U.S. Economy Shrinks as Consumers Slow Spending
The data show a significant drop in the gross domestic product from the prior quarter, which had growth of 2.8 percent. It was the sharpest decline in seven years as consumer spending plummeted for the first time since 1991 and businesses reduced investment as market troubles grew.
The report was released a day after the Federal Reserve cut the key Fed funds rate by half a percentage point to 1 percent in another attempt to relieve the credit crunch. The GDP report was the latest reading of the economy pointing to signs of a recession.
A drop in the numbers was anticipated, though the decline was not as bad as some economists had forecast. Economists surveyed by Briefing.com had estimated the GDP would be down 0.5 percent. The drop may have been mitigated by strong exports because of the weak dollar, gains that will likely be lost with the recent rise in the value of the dollar, reported CNN Money.
If the narrower trade deficit and a smaller decline in inventories were excluded from the report, the economy would have contracted at a 1.8 percent pace, reported Bloomberg News.
“The crisis really kicked up in late September,” Ethan Harris, co-head of U.S. economic research at Barclays Capital Inc. in New York, said in a Bloomberg Television interview. “We’re going to be looking at a very unfriendly GDP number in the fourth quarter, with a drop of 2 to 4 percent.”
The economy had been buoyed in the spring by the $168 billion economic stimulus program and the mailing of stimulus checks to consumers. But during the summer, consumer spending, which accounts for two-thirds of the economy, dropped by the largest amount in 28 years. Spending on nondurable goods, such as food and paper products, dropped at the sharpest rate since the late 1950.
The GDP report also showed that disposable personal income dropped at an 8.7 percent rate in the third quarter.
Both presidential candidates’ responded to the news from the campaign trail and took the opportunity to criticize their opponent’s plans.

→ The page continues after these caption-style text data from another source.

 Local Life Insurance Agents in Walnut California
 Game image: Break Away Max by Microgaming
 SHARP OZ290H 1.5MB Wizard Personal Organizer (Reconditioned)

“The decline in our GDP didn’t happen by accident — it is a direct result of the Bush Administration’s trickle down, Wall Street first, Main Street last policies that John McCain has embraced for the last eight years and plans to continue for the next four,” Sen. Barack Obama said in a statement.
The McCain campaign statement similarly warned against Obama’s outlook.
“Obama’s ideologically-driven plans to redistribute income will impose higher taxes on families, small businesses, and investors; expensive, rigid, job-killing health mandates on employers,” said the statement.